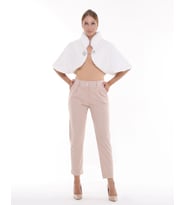 Dik Yaka Geniş Kollu Bolero (Beyaz)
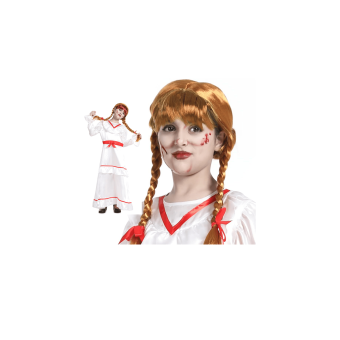 Peluca Annabelle con Dos Trenzas – Accesorio de Muñeca de Terror para Niña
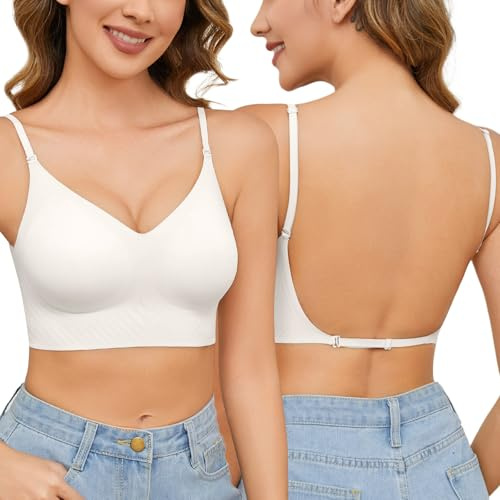 PASUDA Sujetador sin Espalda Baja Mujer con Tirantes Multiposición Elegante Invisible Básico Profundo con Base Antideslizante Sexy Forma de V Cómodo Bralette para Vestido y Boda (Blanco, S)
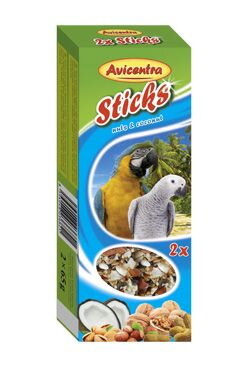 Avicentra tyčinky velký papoušek - ořech+kokos 2ks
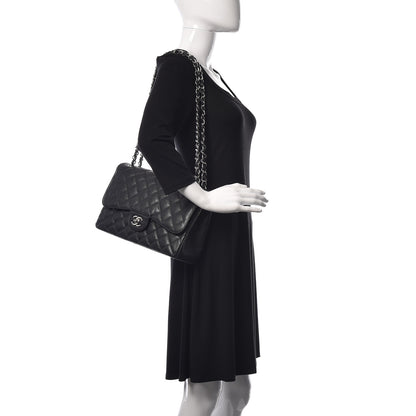 Chanel Caviar Quilted Jumbo Double Flap Black 2 of 12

+++++

* TASK TO CARRY OUT
Your answer must be the records exactly as they stand, with no pictures in it.

* REPLY TO THE EXERCISE
 Dik Yaka Geniş Kollu Bolero (Beyaz)
 Peluca Annabelle con Dos Trenzas – Accesorio de Muñeca de Terror para Niña
 PASUDA Sujetador sin Espalda Baja Mujer con Tirantes Multiposición Elegante Invisible Básico Profundo con Base Antideslizante Sexy Forma de V Cómodo Bralette para Vestido y Boda (Blanco, S)
 Avicentra tyčinky velký papoušek - ořech+kokos 2ks
 Chanel Caviar Quilted Jumbo Double Flap Black 2 of 12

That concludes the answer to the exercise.